NEW YORK, 21 OCTOBER 1998
STATEMENT BY AMBASSADOR ANTÓNIO MONTEIRO, PERMANENT REPRESENTATIVE OF PORTUGAL TO THE UNITED NATIONS, TO THE GENERAL ASSEMBLY 53rd SESSION (report of the Security Council)
On the 31st of December, Portugal will conclude its current mandate as a member of the Security Council. This mandate was conferred by the General Assembly through elections, an honour and responsibility that we accepted with utter seriousness and have tried to exercise fully and effectively.
The task the Council is entrusted with is a primary purpose of the United Nations Charter: the maintenance of international peace and security. To this end, Portugal and the other members of the Council are mandated to act on behalf of all the Members of the United Nations. This task is not an easy one; I agree with the distinguished Permanent Representative of Swaziland who described it as almost needing divine inspiration. But it is one which the members of the Council, including Portugal, undertake to perform on behalf of all those Member States that have seats in this General Assembly.
Acting on behalf of the UN members implies, in our view, that the Council is also accountable to them. This does not in any way weaken the authority of the Council. On the contrary, it reinforces it, by providing a clearer picture of its activities and a better understanding of its responsibilities. This is why Portugal has struggled with others to help bring about a more transparent Council with full participation by Member States.
The consideration of the Report of the Security Council by the general Assembly today is the very expression of that accountability.
Furthermore, the report is important as it preserves for posterity the memory of this principal organ of the UN. Hence the need to be informative, accurate and comprehensive in the Report.
As was underlined by the President of the Council, this Report is indeed more informative than previous years and permits a better understanding of the work of the Security Council. More reader-friendly, the report includes assessments by the various Presidents of the Council of its activities carried out during their respective presidencies, providing interesting and further insights on the work carried out by the Council. After my first presidency in April 1997, I wrote the first assessment of the work of the Security Council during that month, which was made available to all Member States at the time. This paved the way for the current practice of the Council to be established.

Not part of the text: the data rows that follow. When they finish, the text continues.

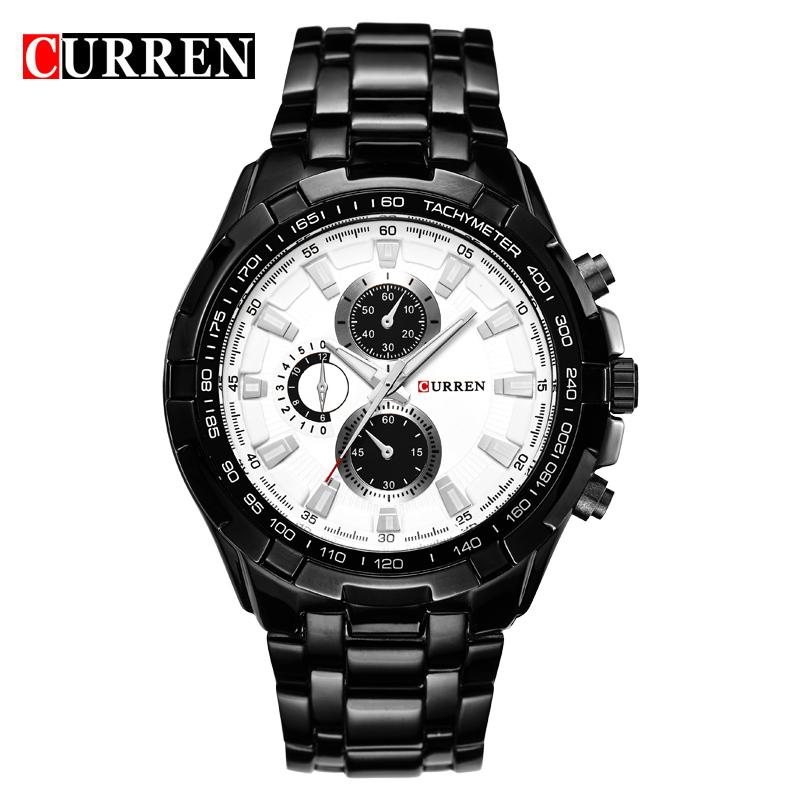 CURREN Watches Men quartz Sports  Waterproof Wristwatch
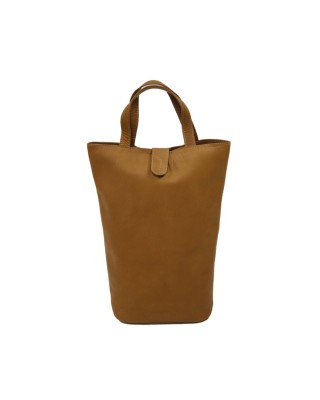 Double wine handle saddle bag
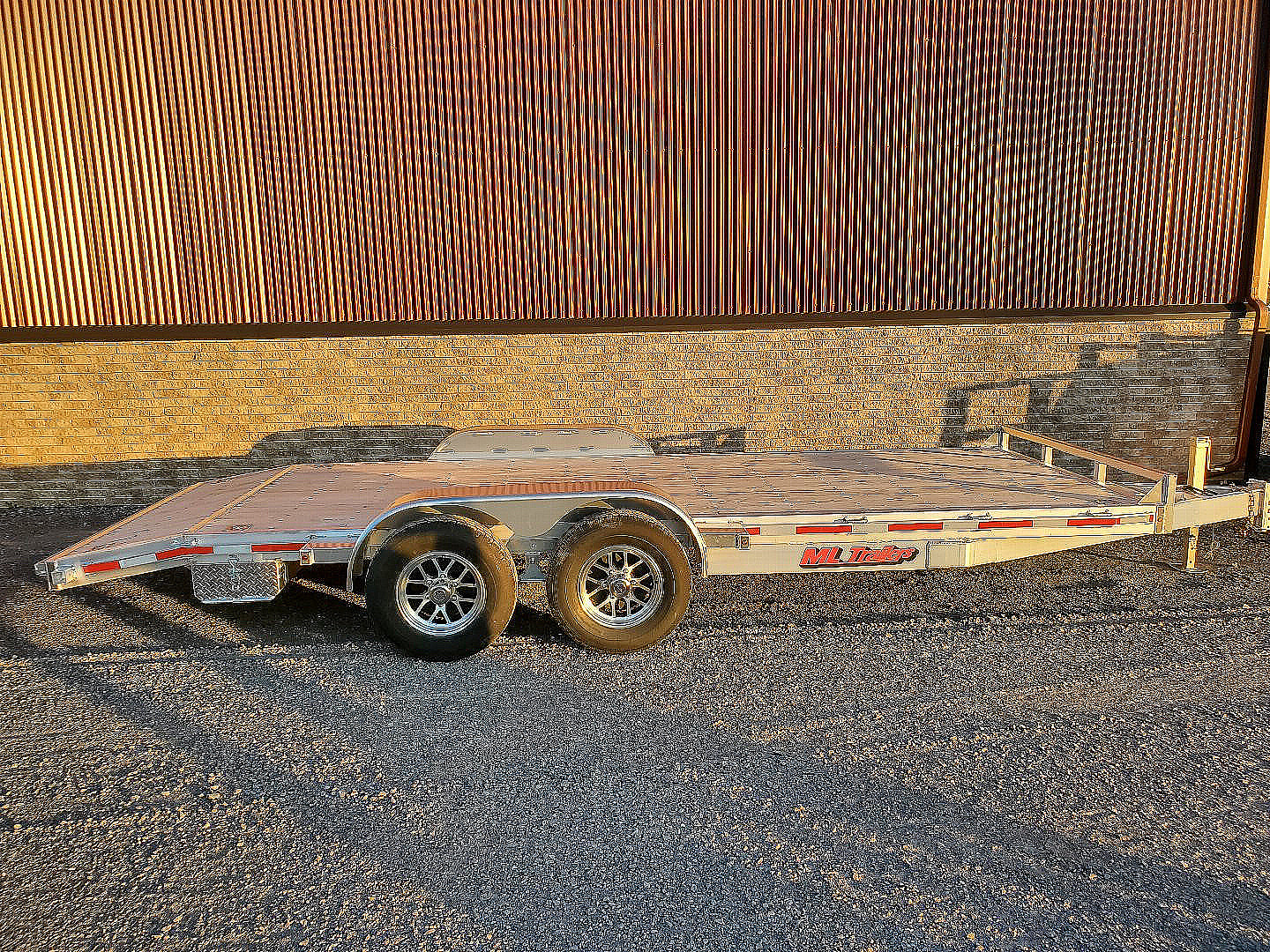 New 2026 Enbeck 18' All Aluminum Car Hauler/Equipment Hauler Car / Racing Trailer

While focused on the past, this Report does at the same time, in our view, reveal a new trend for the future. A future where participation is not merely a theoretical stipulation but also a concrete reality.
Members of the Council have understood the importance of following this trend. They have suggested various measures for improving the methods of work of the Council and increasing the participation of the general membership in its work. In an annex to the assessment of the Permanent Representative of Costa Rica, you will be able to see a letter that was sent last December by ten members of the Council containing their suggestions as a result of the experience they gathered in the Security Council, five of which were at the end of their term while the other 5 were half way through theirs. This was an important initiative that generated a useful discussion on the methods of work among members of the Council, as well as in the Working Group on Documentation and Procedures.
Very soon, we hope, additional measures will be ready for consideration by the Council which may allow an improved participation by Member States in its work - namely by those States that contribute to peace-keeping operations - and pave the way for the Council to enhance the transparency of its work, through an increased number of public meetings.
The efforts towards transparency must be pursued consistently and continuously.
I am confident that this work will carry on. Others will follow in our footsteps and continue to strive for these goals. I am encouraged by the strong will expressed in this direction by all the new members of the Council, recently elected for 1999-2000, over the need persistently to enhance the transparency of the Council, increase the participation of Member States in its work and improve the relationship between the Council and the General Assembly. I recall, particularly, the words of the Minister of Foreign Affairs of Canada, the Honorable Lloyd Axworthy, who called for, during the General Debate recently, a more open and transparent Security Council and for the full exercise of the rights of participation of Members States in its work, as conferred by the Charter. "Far from reducing its ability to take decisions, this way of proceeding will improve its decisions and will increase the efficiency of its actions", he said wisely.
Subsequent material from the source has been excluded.